Quelques « Canailleries du Dix Vins » dérideront les frileux, les curieux ou… les nostalgiques. Ce serait un Os à moelle au gros sel et poivre mignonnette, des Escalopes de cervelle de veau aux câpres comme on n'en fait plus, ou encore la Tête et Langue de veau, sauce ravigote.
Frileux, je ne le suis guère, curieux (un peu). Surtout, j’aime la nostalgie quand elle a un sens, quand elle ne manque pas de perspective. J’ai choisi ce plat canaille, véritable hyperbole gourmande dans son registre : la Tête et Langue de veau et je n’ai pas regretté le voyage, croyez-moi !
Une surprenante Mondeuse 2008 de Luc Mermoud vint lui tenir compagnie ainsi qu’au Boudin aux deux pommes, choisi par mon commensal.
On serait bien restés là, dans la chaude intimité de ce Dix Vins vrai, familier, qui me changeait des bistrots parisiens branchouille. D’autant que, ce jour-là, la bise noire trouait les consciences et transformait les mouettes en fébriles bayadères.

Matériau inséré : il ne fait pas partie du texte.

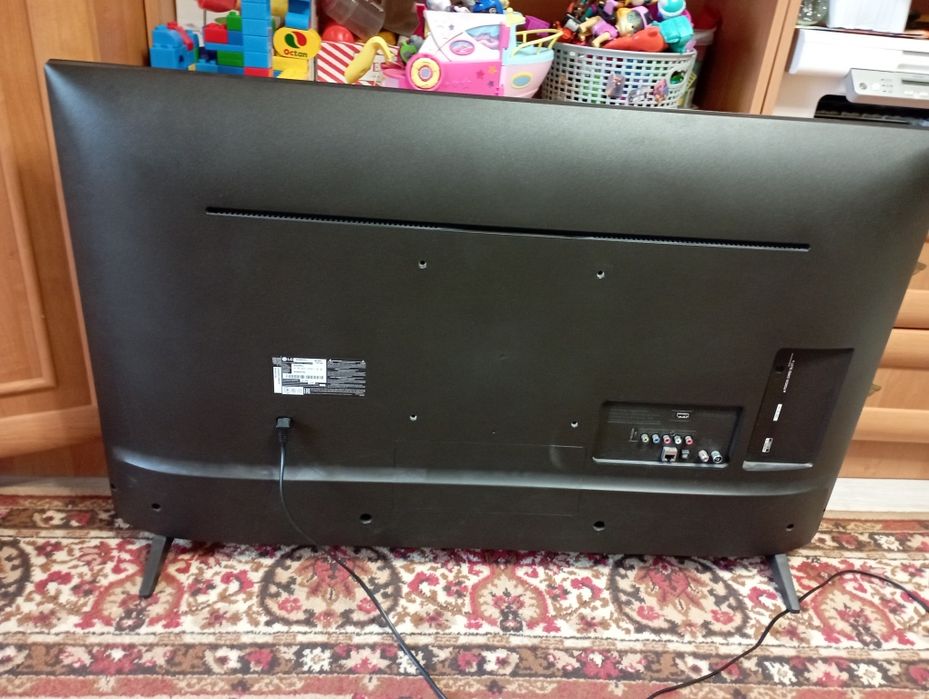 Телевизор LG бу на запчасти.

Une collection imposantes de whiskies et d’ »eaux confortantes des corsaires » nous attendait, prompte sans doute à nous envelopper d’embruns.

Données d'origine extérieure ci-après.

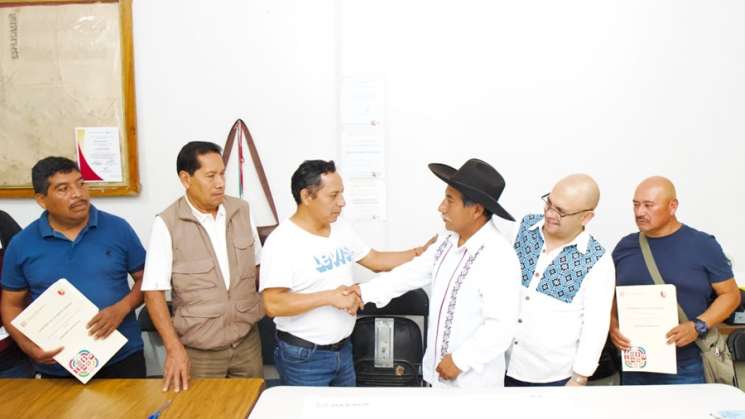 Convenio de paz entre Santa Cruz Tacahua y Santo Domingo Ixcatlán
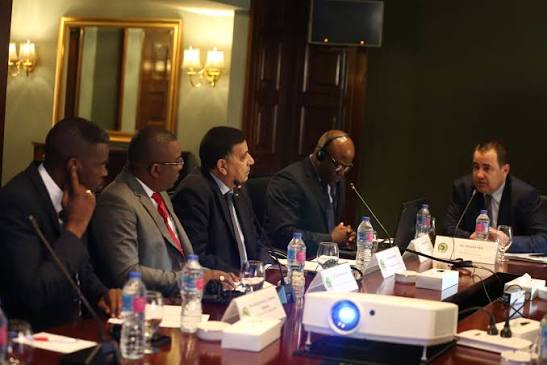 تنسيق مكثف بين الكاف واللجنة المنظمة لرفع جاهزية المدن المستضيفة لـ CAN 2025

Le nez dans nos sets de table (signés Roger Pfund, ils sont superbes), nous savourions ce moment où le corps rasséréné, l’esprit flotte dans une douce inexactitude. J’avais le souvenir d’un rendez-vous ou de plusieurs. D’urgences diverses. Soudain ces lignes écrites à la hâte sur l’un des sets « aller chercher les enfants » !
Contraint, j’ai quitté le bien nommé Dix Vins.
Dehors, la bise noire m’a aussitôt happé mais qu’importe, j’ai gardé le cap. Les mouettes n'avaient qu'à bien se tenir !
L’adresse Le Dix Vins 29, rue Jacques-Dalphin – Carouge – tél. 022 342 40 10
3 Comments
Dix Vins, Di’vin, Divino, Di.Vin, …
Parler à Dieu via le …divin breuvage semble très tendance. Il le voyant comme ça le XXIe siècle Roger Peyrefitte ?
Je suis très heureux d’apprendre que René Fracheboud sévisse toujours aux fourneaux, personnage très attachant que j’ai perdu de vue depuis le début des années 90 alors que nous étions tous Jeunes Restaurateurs d’Europe pour la Suisse, sous sa présidence…une belle épopée et que de chemins parcourus depuis..
Merci monsieur Perrin pour ces bonnes adresses et ces belles photos qui alimentent nos esprits.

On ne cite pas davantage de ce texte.